One test module per IO module:

  • Done in Tests.fs: BioProject, Study, BioSample, Experiment, Run, Analysis, Submission, Receipt.
  • Future cleanup: split the current Tests.fs into one test module/file per IO module if desired.

Each module covers three cases:

  1. Read — load a committed ENA XML fixture and assert a handful of key field values.
  2. Roundtripread >> write >> read produces a structurally equal value. Pick one comparison strategy (deep object-graph equality is simpler than XML canonicalisation) and document it inline.
  3. read / readString parity — parsing the same XML via file vs. string produces equal results.

Keep xunit (already wired). Drop the existing BioTalk test.

Fixtures

Real ENA records, downloaded once and committed:

  • Current path: tests/fixtures/<accession>.xml
  • Source URL pattern: https://www.ebi.ac.uk/ena/browser/api/xml/<ACCESSION> (download by hand; do not fetch at test time)
  • Committed accessions: PRJDB5192, DRP003416, SAMD00064197, DRX066772, DRR072834, ERZ496533, DRA005154.
  • receipt-sample.xml is hand-crafted because RECEIPT is a submission-API response, not a stored record. Shape mirrors the ENA programmatic submission guide example.
  • Source URLs and download date are recorded in tests/fixtures/README.md.

Tests load fixtures off disk via a small relative-path helper. No network at test time.

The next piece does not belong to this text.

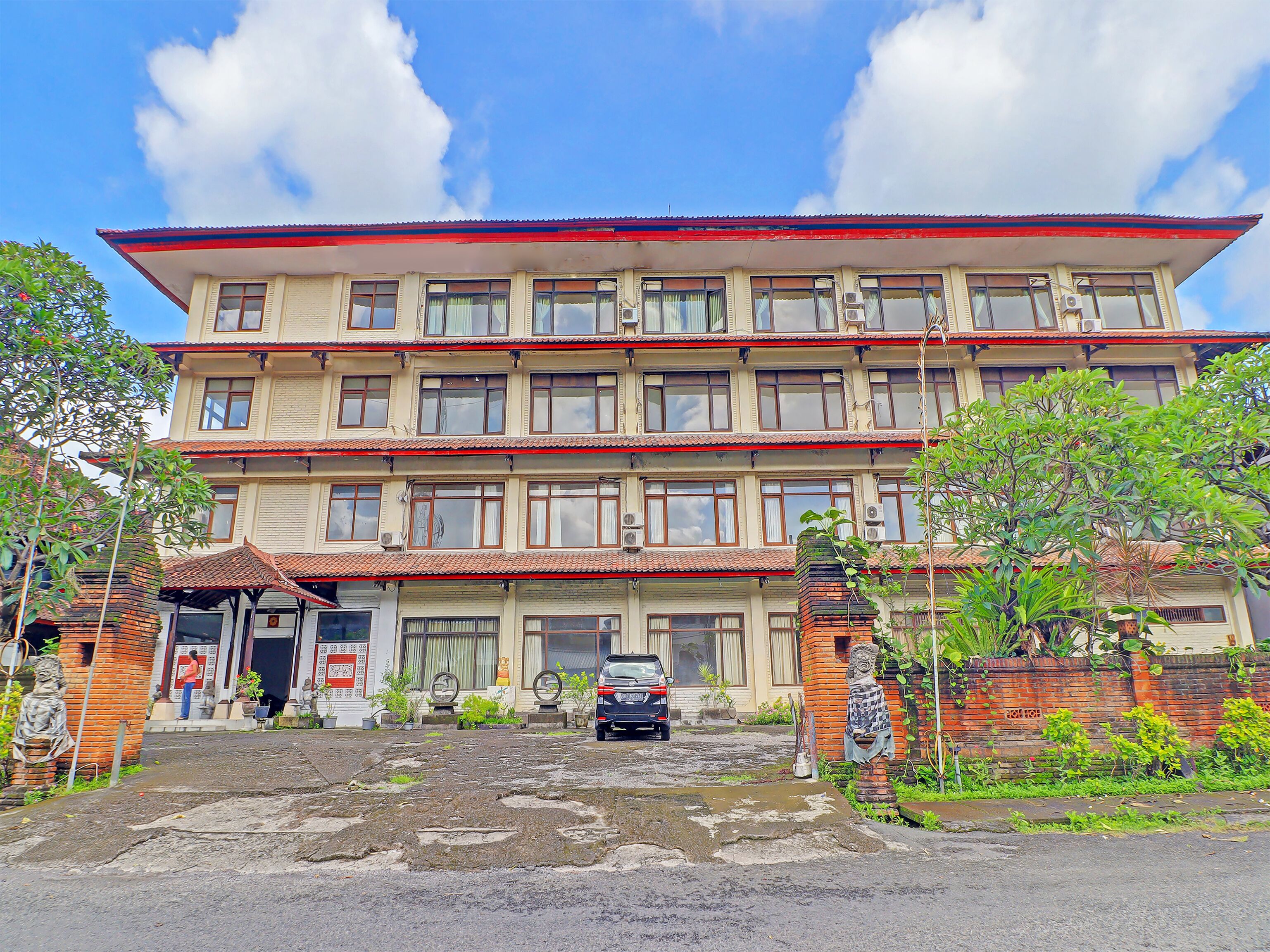 Warna Kedaton Hotel by OYO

5. [x] Build / CI touch-ups

  • Confirm build/ProjectInfo.fs solutionFile resolves (already BioFSharp.INSDC.slnx).
  • Verify build.cmd / build.sh entry points still work after the .fsproj.csproj swap in the slnx.
  • Add the regenerateInsdcTypes target. It must not be chained into the default build — generated code is committed precisely so contributors can build without the tool restored.
  • Audit .github/workflows/build-and-test.yml for template residue: SDK pin and the Codecov slug.

The regenerateInsdcTypes target lives in build/BasicTasks.fs. It is standalone (no dependencies on clean / buildSolution) and is not referenced by any release pipeline.

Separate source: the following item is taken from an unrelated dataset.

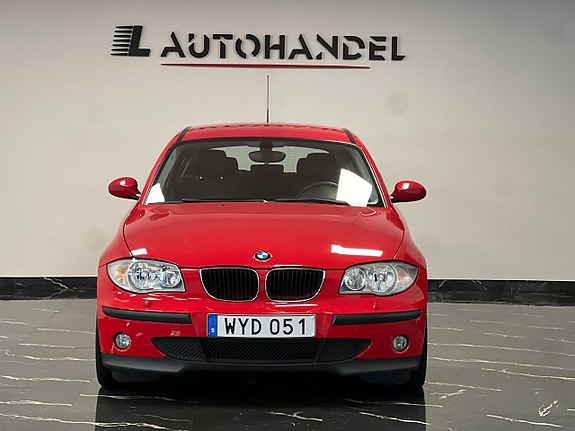 BMW 116i 2 of 5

CI uses global-json-file: global.json so the workflow tracks the SDK version pinned at the repo root (currently 10.0.100). The Codecov slug is retargeted to BioFSharp/BioFSharp.INSDC.

6. [x] Verification

Each step gates the next:

  1. dotnet tool restore succeeds (verified 2026-05-23 in devcontainer; restores dotnet-xscgen 3.0.1270 and fsdocs-tool 20.0.1).
  2. build.sh regenerateInsdcTypes produces .cs files under src/BioFSharp.FileFormats.INSDC/Generated/ (verified 2026-05-23; only diff vs. committed output is the absolute-path noise in the generator-header comment).
  3. build.sh (default buildSolution) succeeds with zero CS1591 (missing-XML-doc) warnings (verified 2026-05-23; 0 Error(s)).
  4. bash build.sh runtests passes locally in the devcontainer (24/24 tests, re-confirmed 2026-05-23).
  5. build.sh pack produces both nupkgs with non-template metadata (verified 2026-05-23 — pkg/BioFSharp.FileFormats.INSDC.0.1.0.nupkg and pkg/BioFSharp.IO.INSDC.0.1.0.nupkg). The Pack target uses an interactive Y/n confirmation prompt; pipe echo Y | when invoking non-interactively.

7. Out of scope

  • No fsdocs site for this repo; usage examples live in the base BioFSharp docs.

Dos

  • ALWAYS add XML documentation to all public types and functions in both projects.
  • ALWAYS run the FAKE build targets (build.cmd / build.sh) for solution-wide work — they are the source of truth for build/test/pack configuration. Use raw dotnet build / dotnet test only when iterating on a single project.

Don'ts

  • Do not hand-edit anything under src/BioFSharp.FileFormats.INSDC/Generated/ — it is regenerated from XSDs.
  • Do not chain regenerateInsdcTypes into the default build.
  • Do not add an fsdocs site to this repo.